Thousands of fans -- including the president -- on Thursday gathered to cheer Afghanistan's victorious national football team as they returned home after winning the war-wracked country's first international soccer trophy.

The team stunned six-time champions India 2-0 Wednesday night to win the South Asian Football Federation (SAFF) title in the Nepalese capital Kathmandu.

The victory was a rare moment of joy in Afghanistan, where US-led international forces and government troops have been fighting a 12-year war against a Taliban insurgency.

President Hamid Karzai heralded the team's "historic victory" as he welcomed each player individually at Kabul international airport, where fans waved flags and blew horns.

Thousands more gathered at the national football stadium -- once a venue for Taliban executions -- shouting "Zindabad Afghanistan" ("Long Live Afghanistan").

As the team lifted the trophy the stadium erupted with cheers and whistles.

Outside on the streets groups of men waved national flags, and danced.

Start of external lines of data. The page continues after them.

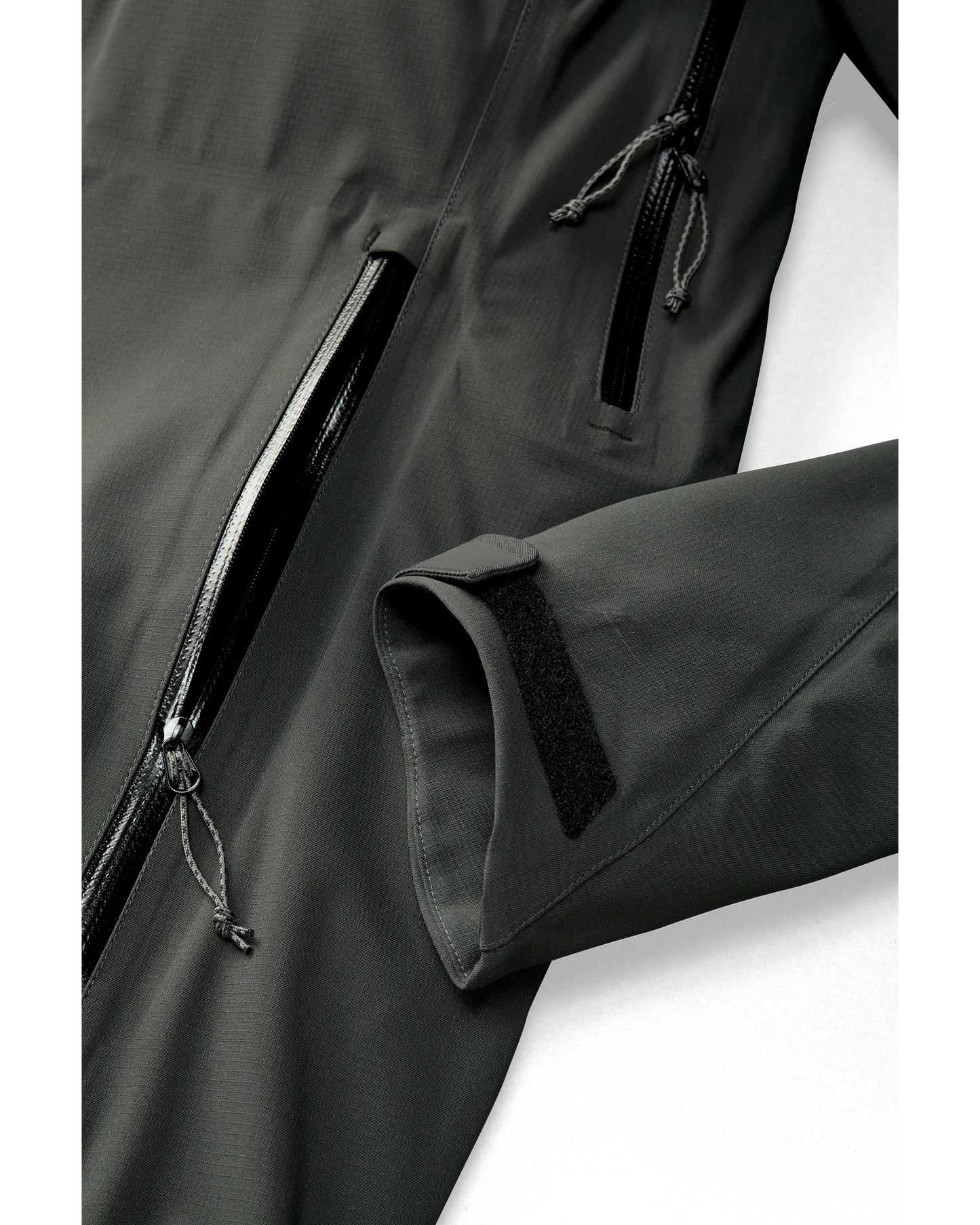 KUIU Kutana Storm Shell Jacket | Gunmetal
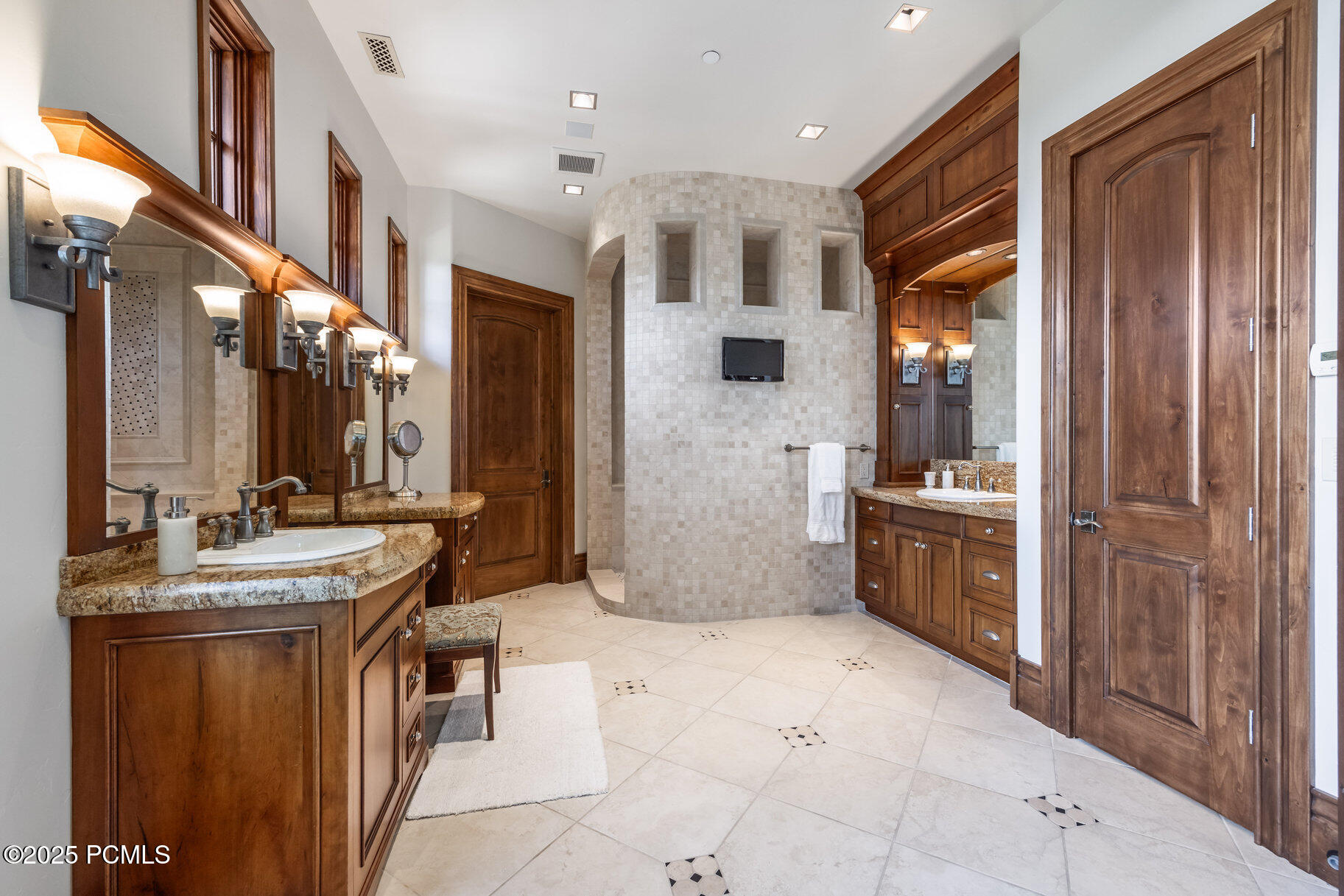 8066 N Red Fox Court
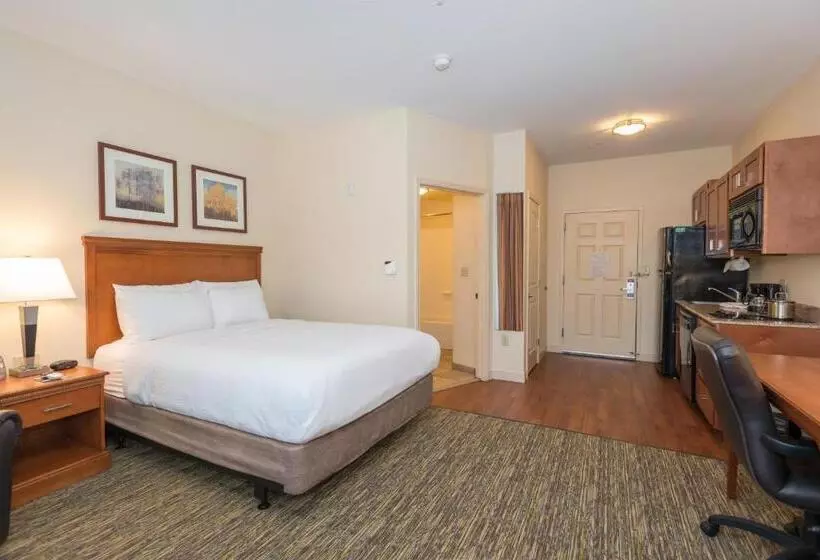 身障者適用スタンダードルーム, Candlewood Suites Mobile Downtown, An Ihg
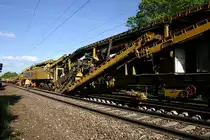 Da steht der Gigant,und arbeitet sich St�ck f�r St�ck Richtung Etterzhausen vorran.(KBS 880,23.5.2010)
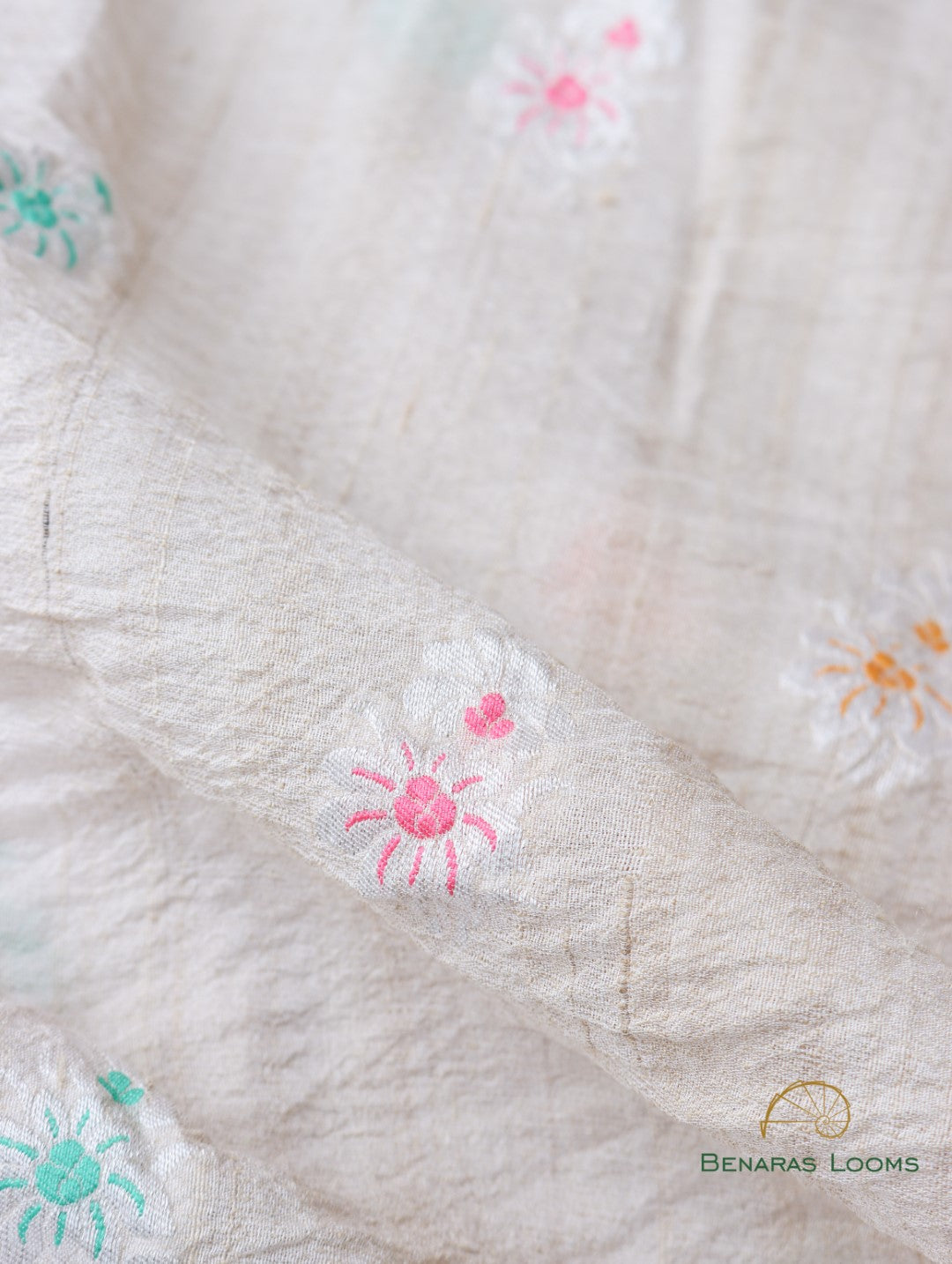 Cream Handloom Tussar Georgette Banarasi Saree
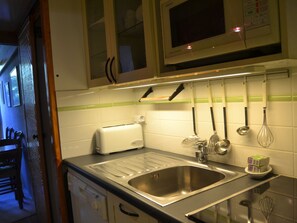 Kylskåp, mikrovågsugn, diskmaskin och kaffe- och tebryggare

Such celebrations were unheard of under the Taliban, which banned television, music and most sport and the victory provided a rare moment of unity in the ethnically divided nation.

Haroon Naeemi, 20, an ironsmith, had drawn the Afghan flag on his chest and said he hoped the world would now realise his country was not only about wars.

"This is a big day for all of us, and we are excited. I have never been this happy before," he said.

"Afghanistan, I love you!" he shouted.

Fans had packed restaurants, kebab shops and teahouses Wednesday to cheer on the Afghan team, ranked 139th in the world, whose victory against the 145th-ranked Indians avenged a humiliating 4-0 defeat in the final two years ago.

On the final whistle, there was the sound of celebratory gunfire, with the partying carrying on through the night and into Thursday.

Afghanistan remains a strictly conservative society and most of those taking part in the jubilation were men, although some families in cars also joined in.

Abdel Wahed, 21, who had watched in a shop selling televisions, summed up the mood, saying: "We went through three decades of war so it is good to think about something else from time to time."

Karzai, who will be hoping the team's success can spur the nation, sent the players a congratulatory message overnight saying that "our youths proved that we have the ability to make progress and win".

He was also at the airport, joined by a number of senior government officials and members of parliament after the "historic victory", the president's office said in a statement.

"The president received and congratulated every member of the team on their arrival and wished them continued success," the statement said.

The Taliban, which ruled from 1996-2001 until they were deposed by a US-led international coalition, allowed football but before matches at the national football ground in Kabul would carry out public executions.